Meet the real Alice
Alice's Adventures in Wonderland (now more commonly known as Alice in Wonderland) was published in 1865. The sequel Through the Looking Glass came out six years later. Lewis Carroll, the author of these much loved children's novels, was actually called Charles Lutwidge Dodgson and he was a mathematics lecturer at Oxford University.
Why is Alice in Wonderland such a popular book?
I can clearly remember when I read Alice in Wonderland for the first time. The story terrified and fascinated me all at once. John Tenniel's illustrations contributed to my terror (especially his depiction of the Duchess, see below).
Alice's adventures are anything but boring. She follows a very stressed rabbit and, after a little bit of running about, falls down a rabbit hole.
Almost unconcerned over obvious dangers (don't follow a rabbit with a watch, don't join the party of a mad hatter, don't drink a bottle filled with unknown fluids...and so on), very curious Alice begins her adventure by exploring her peculiar surroundings and by meeting unusual characters.

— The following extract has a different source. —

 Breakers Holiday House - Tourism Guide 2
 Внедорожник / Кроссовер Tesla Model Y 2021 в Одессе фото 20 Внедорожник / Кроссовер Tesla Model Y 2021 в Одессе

Especially in the 19th century, when children's books did not exist in the way we known them today, Carroll's novel must have had an incredible impact on children and adults alike. Even today Alice in Wonderland is still a original and popular tale.
Of course, the many film adaptations (most famously the Disney movie) contribute to its popularity and probably inspire many to read the actual novel. The first short film came out in 1903. The BFI had to restore it as it was badly damaged. It is only ten minutes long, so have a wee watch:
Yes, the rabbit is creepy.... and I definitely wouldn't have followed a human-sized one. But hey, as we all know, Alice is exceptionally brave.
Alice also influenced not only the film but also the art and music world. For instance, Salvador Dali created multiple Alice in Wonderland inspired paintings and Taylor Swift mused about love and the Wonderland in her song called.... Wonderland.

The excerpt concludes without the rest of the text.